Bottom line, some people suck, and to make it worse, it's a real kick in the balls when you get complaints even after a HUGE discount in price. I would explain again to them your pricing scale, tell them why you need to make multiple stops, and don't forget to tell them about the huge discount for the previous storm. Or charge them by the inch.


----------



## alldayrj (Feb 28, 2010)

Yes you're wrong. You never told them ahead of time that you would charge them a random $20 helper charge whenever you feel like it.


----------



## Glenn Lawn Care (Sep 28, 2009)

That is random that you would charge an extra $20 without them knowing! And why such a discount on the 2nd push? I can see why people complain.


----------



## grandview (Oct 9, 2005)

1,000 for the season and be done with it.


----------



## BBC co (Nov 29, 2012)

I'm new to billing and could post my own wtf thread but rather post in yours.

These are my opinions on yours as well as my own situation to a degree.
Pre Fact - Every account is a written contract...

1.) If it is not in writing you do not bill for it. "This is a potential customer loser."

2) Think of the worst case scenarios and put the conditions on writing in the contract. 

3) Unless you know someone that works for free and has a truck to do so any % discount is you taking $ out of your pocket.

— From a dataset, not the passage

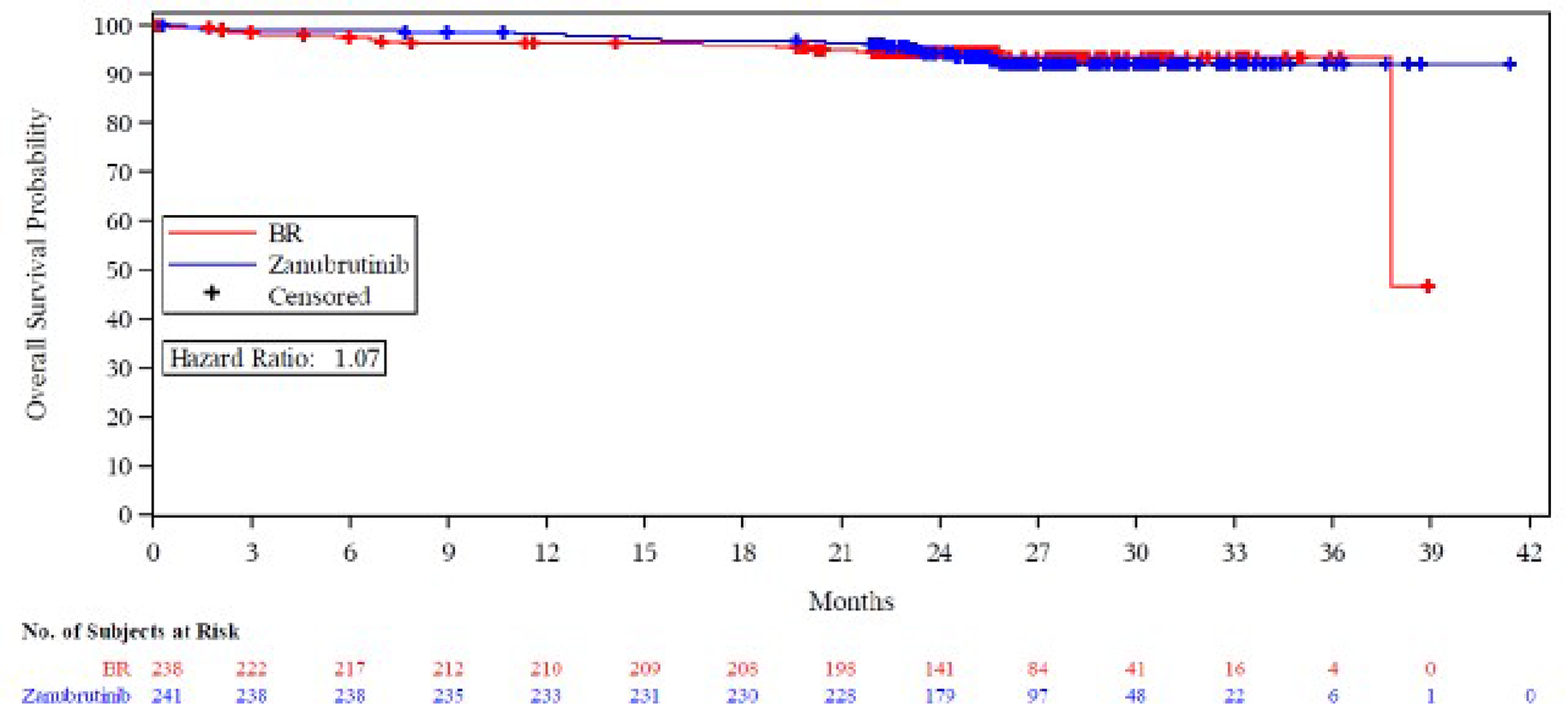Kaplan-Meier graph of OS for the zanubrutinib and BR arms from 0 to 42 months of follow-up for the ITT population (data cut-off: May 7, 2021).
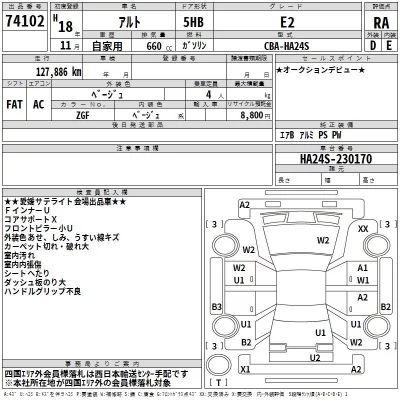 Suzuki ALTO  с аукциона в Японии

If the customer does not understand reality it is there problem not mine/yours. I do not work for free and any discounts should be inclusive of a guaranteed contract renewal because that is the only way it works out to our benefit. 

4) This was told to me by another user on here nickle and dime accounts are not worth it, it is better to sit home naked with the wife and watch the snow fall then work for free or worse....


End summary don;t charge the fee take the hit and live and learn from it. It is all about honesty and quality of service If you can't live by those you should sell the plow


----------



## ladder6 (Feb 3, 2010)

I will give the credit back to the customers. I think next season I will price per/inch contracts and spell EVERYTHING out. These storms are getting too crazy and I am getting shafted. They get excellent service and i should be compensated for such service provided.
BBC, well said and thanks for the laughs! Thanks everyone for your input...much appreciated.


----------



## BBC co (Nov 29, 2012)

Leaning toward the price per inch myself, but flexible payment methods will in the end get you and enable you to get more work. I think it really comes down to experience which you get from seasons like this. I posted a few things in the weather thread, some you may have to dig back a few pages for but the bigger storms like the few we had this past season as well as the hurricanes have brought up talk about these events continuing and increasing in the amount per year over the next 5 years due to a 50yr storm pattern trend. This off season would be a good time to really work out the details in my/your pricing for such events as ct and ma are in the increased average snow fall areas listed in studies.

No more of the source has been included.